All the lines below need retyping exactly, apart from the images.

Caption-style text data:
▬▬▬
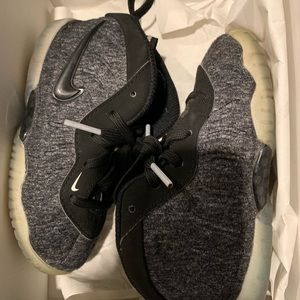 Smoke gray foamposites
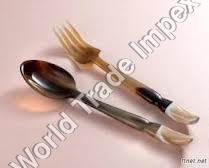 Horn Salad Server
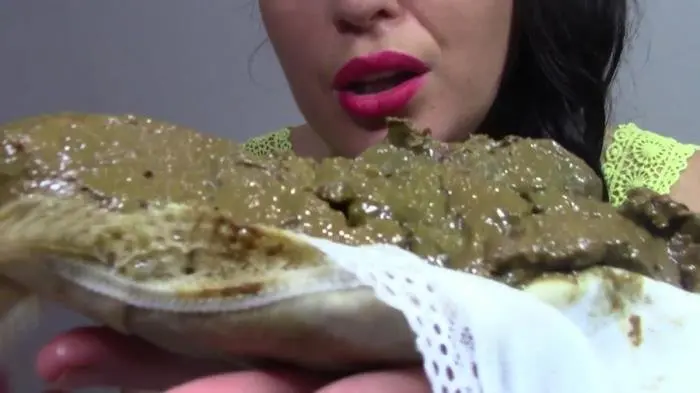 evamarie88 (Blackmail Panty Poop - FullHD 1080p) [mp4 / 1.34 GB] - Scat Download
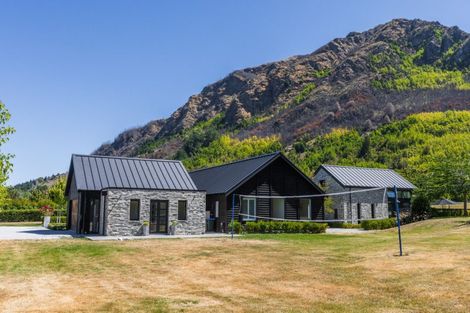 Photo of property in Butel Park, 15 Essex Avenue, Arrowtown, 9302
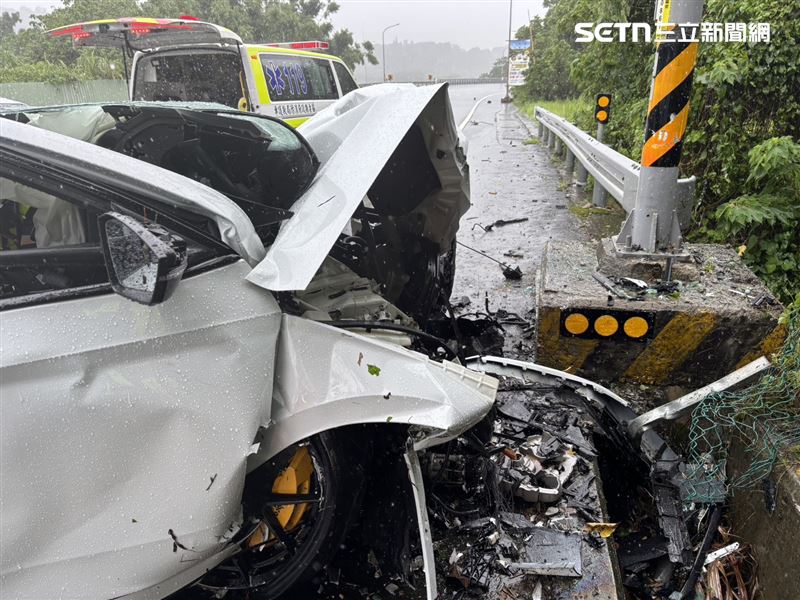 苗栗台3線三灣鄉路段發生死亡車禍,轎車過彎自撞燈桿釀1死1重傷慘劇。(圖/翻攝畫面)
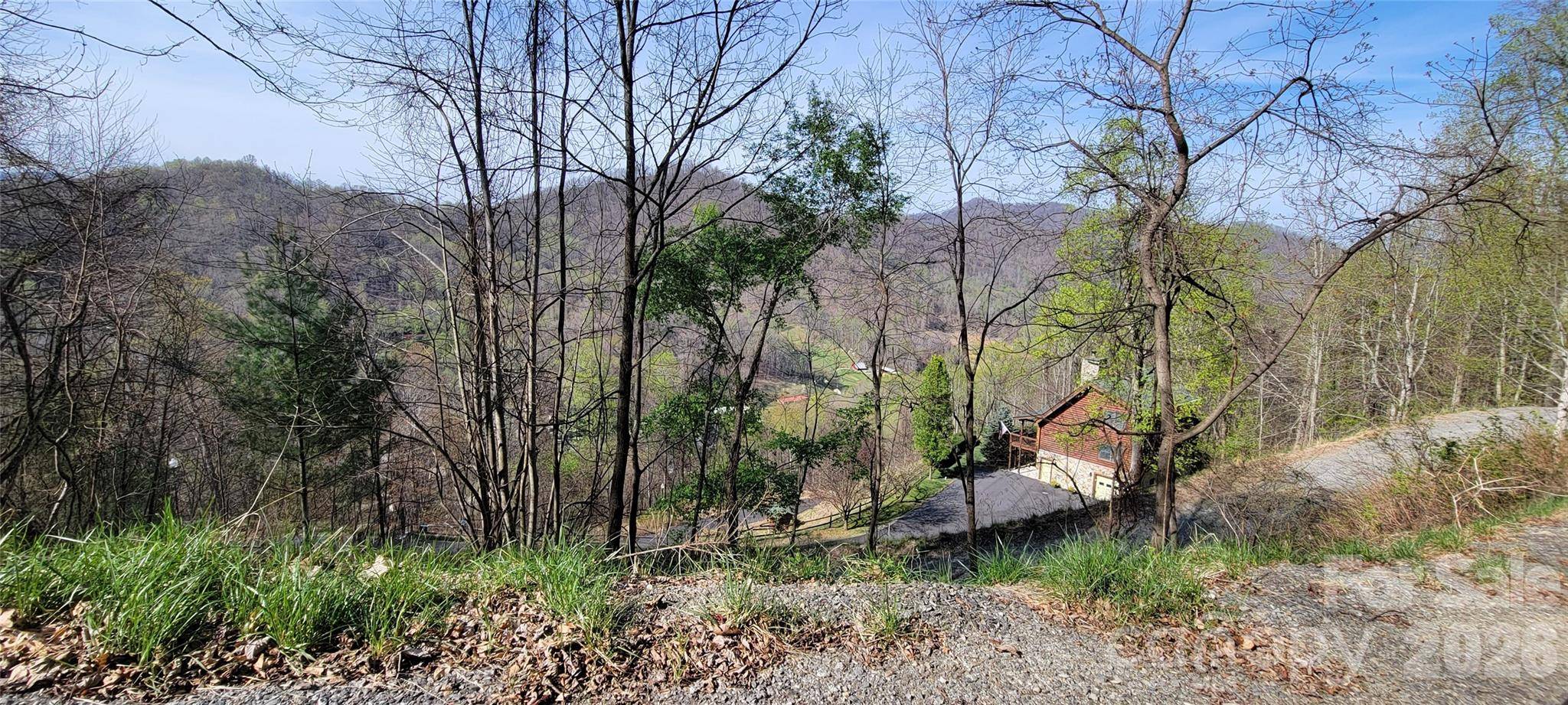 31 Destination DR, Waynesville, NC 28786
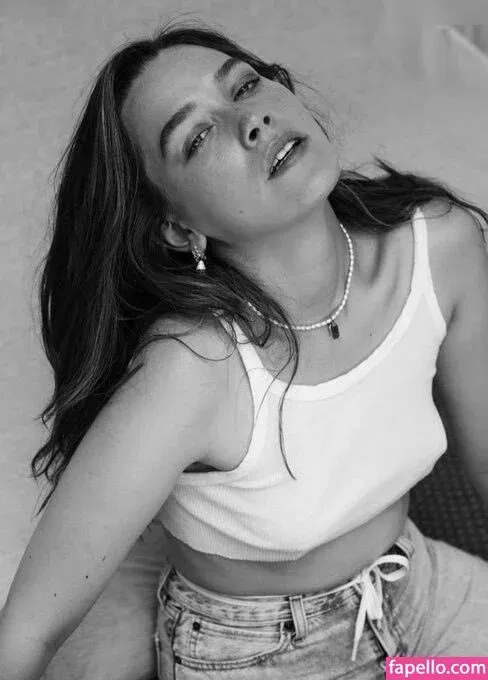 Victoria Pedretti Onlyfans Photo Gallery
▬▬▬
§ RESPONSE FOR THIS EXERCISE
 Smoke gray foamposites
 Horn Salad Server
 evamarie88 (Blackmail Panty Poop - FullHD 1080p) [mp4 / 1.34 GB] - Scat Download
 Photo of property in Butel Park, 15 Essex Avenue, Arrowtown, 9302
 苗栗台3線三灣鄉路段發生死亡車禍,轎車過彎自撞燈桿釀1死1重傷慘劇。(圖/翻攝畫面)
 31 Destination DR, Waynesville, NC 28786
 Victoria Pedretti Onlyfans Photo Gallery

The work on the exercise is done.